* WHAT YOU NEED TO DO
In the entries below, the lines from the one with "Peluche furby de color morado interactivo" through the one with "Miniature portraits, clock, and" are to be copied exactly; both ends count.

[Scraped caption text data]
┄┄┄┄┄┄┄┄┄┄

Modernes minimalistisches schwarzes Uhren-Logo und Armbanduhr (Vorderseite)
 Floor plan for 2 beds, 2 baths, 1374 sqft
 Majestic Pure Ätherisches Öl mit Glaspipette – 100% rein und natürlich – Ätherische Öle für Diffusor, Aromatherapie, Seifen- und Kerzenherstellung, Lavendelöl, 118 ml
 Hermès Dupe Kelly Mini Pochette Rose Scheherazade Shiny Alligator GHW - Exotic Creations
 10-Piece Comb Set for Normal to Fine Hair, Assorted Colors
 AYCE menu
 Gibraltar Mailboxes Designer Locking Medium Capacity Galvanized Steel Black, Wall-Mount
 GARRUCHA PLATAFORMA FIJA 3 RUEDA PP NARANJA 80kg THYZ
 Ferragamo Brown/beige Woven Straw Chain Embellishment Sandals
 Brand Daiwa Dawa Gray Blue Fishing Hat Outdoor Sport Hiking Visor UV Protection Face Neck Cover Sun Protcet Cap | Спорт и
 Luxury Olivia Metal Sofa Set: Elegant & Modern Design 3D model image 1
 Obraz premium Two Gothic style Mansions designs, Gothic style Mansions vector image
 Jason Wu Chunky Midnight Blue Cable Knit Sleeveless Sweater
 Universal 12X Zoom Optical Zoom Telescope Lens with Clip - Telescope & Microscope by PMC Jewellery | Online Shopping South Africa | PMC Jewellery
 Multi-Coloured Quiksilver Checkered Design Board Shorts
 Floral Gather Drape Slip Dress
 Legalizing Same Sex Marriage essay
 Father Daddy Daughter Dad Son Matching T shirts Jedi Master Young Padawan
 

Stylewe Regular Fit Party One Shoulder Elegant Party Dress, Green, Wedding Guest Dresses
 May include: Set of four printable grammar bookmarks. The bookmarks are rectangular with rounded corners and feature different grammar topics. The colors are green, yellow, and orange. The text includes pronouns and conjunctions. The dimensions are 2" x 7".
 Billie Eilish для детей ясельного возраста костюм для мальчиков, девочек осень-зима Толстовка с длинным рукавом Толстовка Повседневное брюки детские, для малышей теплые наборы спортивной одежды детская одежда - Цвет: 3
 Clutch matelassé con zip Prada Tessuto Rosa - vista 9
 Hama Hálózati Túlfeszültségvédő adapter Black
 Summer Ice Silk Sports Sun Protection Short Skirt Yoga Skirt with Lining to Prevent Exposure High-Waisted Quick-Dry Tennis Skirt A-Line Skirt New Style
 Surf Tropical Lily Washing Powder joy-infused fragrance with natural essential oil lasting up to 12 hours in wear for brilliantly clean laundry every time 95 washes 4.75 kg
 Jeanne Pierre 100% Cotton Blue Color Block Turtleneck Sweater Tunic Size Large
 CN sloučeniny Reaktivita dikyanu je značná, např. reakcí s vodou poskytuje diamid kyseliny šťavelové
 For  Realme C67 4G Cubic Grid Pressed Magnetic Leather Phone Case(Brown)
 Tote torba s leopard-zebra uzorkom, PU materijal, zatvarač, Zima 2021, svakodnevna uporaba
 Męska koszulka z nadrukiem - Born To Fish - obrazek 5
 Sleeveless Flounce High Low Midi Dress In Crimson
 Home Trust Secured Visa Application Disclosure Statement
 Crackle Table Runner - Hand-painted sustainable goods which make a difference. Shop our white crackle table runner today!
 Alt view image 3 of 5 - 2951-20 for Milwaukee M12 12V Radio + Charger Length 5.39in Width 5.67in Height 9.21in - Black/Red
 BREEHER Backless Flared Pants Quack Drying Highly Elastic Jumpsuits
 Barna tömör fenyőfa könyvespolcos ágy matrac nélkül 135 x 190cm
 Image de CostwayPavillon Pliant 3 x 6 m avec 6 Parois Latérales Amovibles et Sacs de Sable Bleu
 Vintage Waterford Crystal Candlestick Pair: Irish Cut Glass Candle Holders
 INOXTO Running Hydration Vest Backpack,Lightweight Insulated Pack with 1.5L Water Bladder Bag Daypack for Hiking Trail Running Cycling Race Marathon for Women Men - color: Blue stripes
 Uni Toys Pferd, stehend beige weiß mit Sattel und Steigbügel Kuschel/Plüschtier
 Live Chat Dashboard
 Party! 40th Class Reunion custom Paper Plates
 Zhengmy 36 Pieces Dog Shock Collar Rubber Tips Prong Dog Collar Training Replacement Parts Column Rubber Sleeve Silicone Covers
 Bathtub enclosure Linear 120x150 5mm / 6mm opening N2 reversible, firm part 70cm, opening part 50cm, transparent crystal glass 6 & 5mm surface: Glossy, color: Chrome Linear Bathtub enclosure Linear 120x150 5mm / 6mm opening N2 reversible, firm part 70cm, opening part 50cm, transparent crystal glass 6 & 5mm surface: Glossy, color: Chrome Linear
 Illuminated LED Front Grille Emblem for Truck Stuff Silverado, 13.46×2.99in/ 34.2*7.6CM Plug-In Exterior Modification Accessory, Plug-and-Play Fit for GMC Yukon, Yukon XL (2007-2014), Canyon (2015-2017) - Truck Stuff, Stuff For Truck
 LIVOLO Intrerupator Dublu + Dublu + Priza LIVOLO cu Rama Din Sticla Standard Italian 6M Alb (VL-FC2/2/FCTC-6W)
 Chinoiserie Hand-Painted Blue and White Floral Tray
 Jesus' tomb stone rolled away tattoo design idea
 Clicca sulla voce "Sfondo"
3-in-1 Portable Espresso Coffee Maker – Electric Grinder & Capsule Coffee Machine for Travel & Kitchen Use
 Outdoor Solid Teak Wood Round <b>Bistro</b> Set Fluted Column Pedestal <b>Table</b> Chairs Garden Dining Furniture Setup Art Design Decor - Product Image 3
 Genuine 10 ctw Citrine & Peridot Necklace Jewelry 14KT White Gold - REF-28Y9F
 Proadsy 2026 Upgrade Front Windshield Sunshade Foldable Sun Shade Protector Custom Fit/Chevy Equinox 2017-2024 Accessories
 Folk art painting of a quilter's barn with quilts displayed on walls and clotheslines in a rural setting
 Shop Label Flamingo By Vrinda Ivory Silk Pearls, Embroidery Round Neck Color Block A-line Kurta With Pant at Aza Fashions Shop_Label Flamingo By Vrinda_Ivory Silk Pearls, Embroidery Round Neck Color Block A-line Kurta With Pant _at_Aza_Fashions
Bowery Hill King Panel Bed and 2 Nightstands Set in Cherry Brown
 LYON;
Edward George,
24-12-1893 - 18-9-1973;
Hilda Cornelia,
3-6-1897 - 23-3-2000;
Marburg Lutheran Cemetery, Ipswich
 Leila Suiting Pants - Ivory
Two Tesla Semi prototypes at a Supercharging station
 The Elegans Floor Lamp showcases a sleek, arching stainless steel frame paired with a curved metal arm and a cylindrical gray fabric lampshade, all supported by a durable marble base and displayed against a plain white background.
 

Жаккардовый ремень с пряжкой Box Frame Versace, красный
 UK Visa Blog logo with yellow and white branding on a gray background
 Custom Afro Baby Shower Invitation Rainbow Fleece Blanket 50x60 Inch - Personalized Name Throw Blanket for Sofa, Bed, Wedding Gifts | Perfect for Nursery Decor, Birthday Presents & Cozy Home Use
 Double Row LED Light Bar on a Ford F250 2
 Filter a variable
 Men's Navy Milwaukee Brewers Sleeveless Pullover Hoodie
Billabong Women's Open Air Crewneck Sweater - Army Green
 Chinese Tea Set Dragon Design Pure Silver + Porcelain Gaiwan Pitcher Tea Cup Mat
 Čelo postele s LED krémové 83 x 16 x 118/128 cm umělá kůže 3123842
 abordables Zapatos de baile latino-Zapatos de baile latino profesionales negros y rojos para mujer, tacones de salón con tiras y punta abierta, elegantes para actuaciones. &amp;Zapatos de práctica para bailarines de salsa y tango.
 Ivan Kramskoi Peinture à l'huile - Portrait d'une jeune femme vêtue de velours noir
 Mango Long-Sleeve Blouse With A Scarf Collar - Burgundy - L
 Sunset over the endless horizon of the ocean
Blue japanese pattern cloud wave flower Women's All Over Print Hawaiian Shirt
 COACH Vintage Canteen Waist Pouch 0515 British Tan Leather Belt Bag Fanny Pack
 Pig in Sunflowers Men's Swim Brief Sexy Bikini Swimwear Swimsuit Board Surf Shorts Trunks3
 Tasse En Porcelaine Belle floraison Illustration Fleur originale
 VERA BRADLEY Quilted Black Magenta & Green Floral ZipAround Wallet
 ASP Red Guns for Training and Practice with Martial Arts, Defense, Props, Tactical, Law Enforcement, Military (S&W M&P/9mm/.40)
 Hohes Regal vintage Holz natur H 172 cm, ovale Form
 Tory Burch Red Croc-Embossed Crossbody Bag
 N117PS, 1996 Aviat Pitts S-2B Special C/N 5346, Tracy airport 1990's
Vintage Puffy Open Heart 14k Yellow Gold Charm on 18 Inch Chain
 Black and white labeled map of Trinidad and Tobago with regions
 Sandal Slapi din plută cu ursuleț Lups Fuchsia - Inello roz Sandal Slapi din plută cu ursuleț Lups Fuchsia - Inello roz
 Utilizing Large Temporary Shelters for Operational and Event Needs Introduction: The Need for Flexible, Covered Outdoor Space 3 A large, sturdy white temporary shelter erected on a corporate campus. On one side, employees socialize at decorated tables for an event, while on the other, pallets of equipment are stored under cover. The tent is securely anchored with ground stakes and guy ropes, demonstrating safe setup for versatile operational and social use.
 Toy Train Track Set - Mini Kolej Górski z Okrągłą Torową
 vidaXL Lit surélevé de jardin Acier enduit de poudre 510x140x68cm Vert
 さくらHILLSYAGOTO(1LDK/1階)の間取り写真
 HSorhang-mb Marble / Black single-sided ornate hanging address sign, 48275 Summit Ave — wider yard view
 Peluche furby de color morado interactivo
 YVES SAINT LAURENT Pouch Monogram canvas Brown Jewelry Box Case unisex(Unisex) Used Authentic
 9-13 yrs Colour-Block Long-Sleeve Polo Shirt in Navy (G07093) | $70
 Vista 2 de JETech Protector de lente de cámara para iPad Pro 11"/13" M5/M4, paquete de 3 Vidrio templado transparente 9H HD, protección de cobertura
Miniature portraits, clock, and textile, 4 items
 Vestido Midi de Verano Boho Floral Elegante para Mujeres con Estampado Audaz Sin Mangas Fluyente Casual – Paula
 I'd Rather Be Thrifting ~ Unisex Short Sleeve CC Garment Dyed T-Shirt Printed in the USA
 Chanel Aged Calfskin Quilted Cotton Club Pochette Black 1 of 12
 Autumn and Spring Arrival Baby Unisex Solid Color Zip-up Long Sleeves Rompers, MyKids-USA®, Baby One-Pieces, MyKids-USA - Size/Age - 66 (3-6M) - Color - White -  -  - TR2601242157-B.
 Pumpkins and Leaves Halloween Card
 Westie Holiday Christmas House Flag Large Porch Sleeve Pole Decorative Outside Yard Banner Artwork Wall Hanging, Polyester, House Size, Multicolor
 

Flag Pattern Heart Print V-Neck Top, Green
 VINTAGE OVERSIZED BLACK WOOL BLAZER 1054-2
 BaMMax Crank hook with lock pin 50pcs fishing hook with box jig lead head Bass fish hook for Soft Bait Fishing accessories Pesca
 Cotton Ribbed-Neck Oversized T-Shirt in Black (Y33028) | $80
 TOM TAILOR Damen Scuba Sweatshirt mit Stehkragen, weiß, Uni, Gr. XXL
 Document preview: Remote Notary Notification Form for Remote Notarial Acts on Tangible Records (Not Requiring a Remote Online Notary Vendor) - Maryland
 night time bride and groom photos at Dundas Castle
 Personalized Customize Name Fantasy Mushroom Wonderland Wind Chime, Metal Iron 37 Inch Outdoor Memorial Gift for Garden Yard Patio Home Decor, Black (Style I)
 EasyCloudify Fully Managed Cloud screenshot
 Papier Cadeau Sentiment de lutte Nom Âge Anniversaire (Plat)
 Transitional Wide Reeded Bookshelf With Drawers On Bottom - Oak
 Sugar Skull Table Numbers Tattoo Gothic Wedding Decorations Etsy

┄┄┄┄┄┄┄┄┄┄

* RESPONSE AREA
 Peluche furby de color morado interactivo
 YVES SAINT LAURENT Pouch Monogram canvas Brown Jewelry Box Case unisex(Unisex) Used Authentic
 9-13 yrs Colour-Block Long-Sleeve Polo Shirt in Navy (G07093) | $70
 Vista 2 de JETech Protector de lente de cámara para iPad Pro 11"/13" M5/M4, paquete de 3 Vidrio templado transparente 9H HD, protección de cobertura
Miniature portraits, clock, and textile, 4 items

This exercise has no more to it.